Karl Weierstrass was born on October 31, 1815, in the rural Prussian town of Ostenfelde. His father, Wilhelm Weierstrass, was a cultured man employed as a customs officer for the French; all that is really known about his mother is that she seemingly disliked his father. Karl had four siblings, none of whom ever married: his two sisters apparently had nothing better to do with their lives than devote themselves to his welfare.

As a youth Weierstrass was unusually quick. He finished high school in a year less than the usual time, won a multitude of prizes, and kept himself in spending money by bookkeeping for a local businesswoman. His father noted the boy’s talent and made detailed plans for a career for him in government administration: Karl, he decided, should study finance, economics, and law.

And so in 1834 Weierstrass headed off to the University of Bonn, where he spent the next four years devoting himself “almost exclusively to fencing and the mellow sociability that is induced by nightly and liberal indulgence in honest German beer.” (Bell, 411) He was an expert fencer; no one ever touched him during a match, and according to Bell, he could probably hold his liquor excellently as well. In any event, he attended very few (if any) lectures, but found time to read Laplace’s Celestial Mechanics in between drinking and fencing bouts.

After four years of partying Weierstrass returned home, without a degree. On the advice of a neighbor, the despairing Weierstrass family agreed to let Karl study at the Münster Academy to prepare for a career in secondary school teaching. Weierstrass was amenable to this, mostly because he wanted to study under the Academy’s Professor of Mathematics Christof Gudermann, who was to spark Weierstrass’s lifelong interest in elliptic functions.

After a year at the Münster Academy Weierstrass took his teaching certificate examination. One problem was on elliptic functions, which Gudermann wrote was “in general far too difficult for a young analyst” but had been expressly requested by Weierstrass.

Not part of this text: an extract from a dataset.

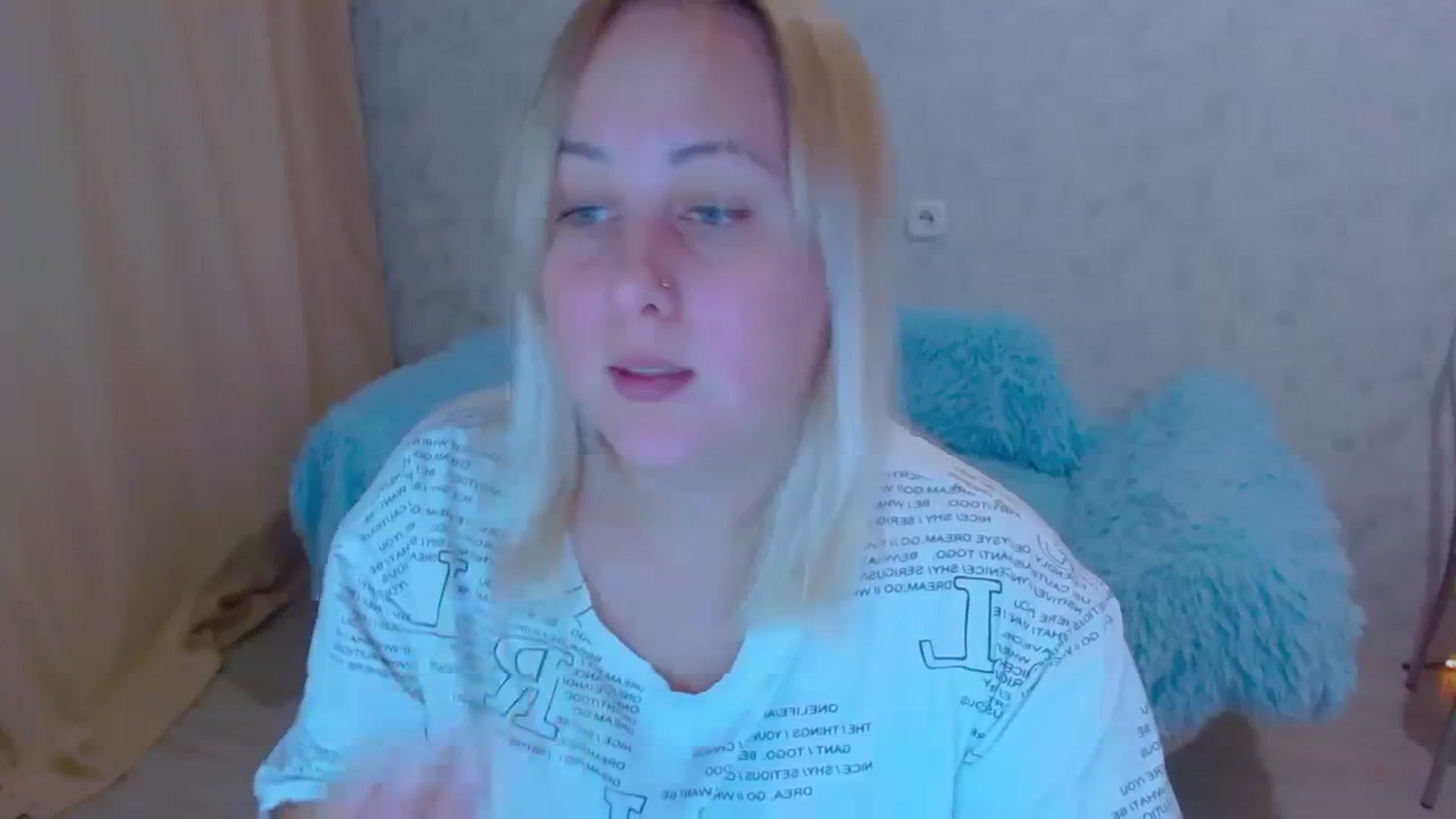 Gallery image thumbnail from Your_heart00's myfreecams stream on, 09/23/2023, 15:29 image 17 of 20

The problem earned him a special certificate recognizing his “original contribution to mathematics” (Bell, 415). Weierstrass passed his oral and written tests, obtained his certificate, and went off to teach secondary school.

During the day, Weierstrass taught mathematics, German, geography, handwriting, and gymnastics at Prussian secondary schools. Often in the evenings he would socialize with the “landlords, advocates, and young officers” around him (Prasad, 227). And at night, he worked on his mathematics, reading and rereading Abel. He was completely cut off from all mathematical publications and intellectual life and could not even afford the postage for academic correspondence, but this only helped him develop an original outlook.

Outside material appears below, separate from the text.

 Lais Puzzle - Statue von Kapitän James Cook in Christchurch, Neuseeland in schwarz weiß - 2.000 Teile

In 1854, he published a memoir on Abelian functions in Crelle’s mathematical journal, and found himself immediately famous. The University of Königsberg presented him with an honoris causa doctorate. German mathematicians schemed to get him a university appointment; by 1856 he was an Assistant Professor at the University of Berlin. However, the stress of his new life soon gave him a nervous breakdown, and he collapsed in the middle of a lecture. After his recovery, he would never trust himself to write equations on the board, but instead would lecture sitting down while a student took dictation.

Weierstrass was always kind, considerate, and genuinely interested in his students, who loved him dearly. He was particularly fond of the Russian mathematician Sonja Kowalewski (because the University would not admit women, he tutored her privately) and they formed a friendship which lasted for forty-one years, until Sonja’s death.

Although Weierstrass’s immediate pupils were sincerely fond of him, students in low-level calculus sequences may cheer or revile him as the founder of epsilon-delta proofs. He did a great deal with power series, and always prided himself on having a sound logical basis for his work. And so let Karl Weierstrass, slacker, boozehound, and brilliant mathematician that he was, serve as an inspiration for all of us in college calculus.

Sources:

Bell, E. T. Men of Mathematics, 1937.

Prasad, Ganesh. Some Great Mathematicians of the Nineteenth Century, Vol. 1, 1933.

Varberg, Purcell, Rigdon. Calculus, eighth edition, 2000.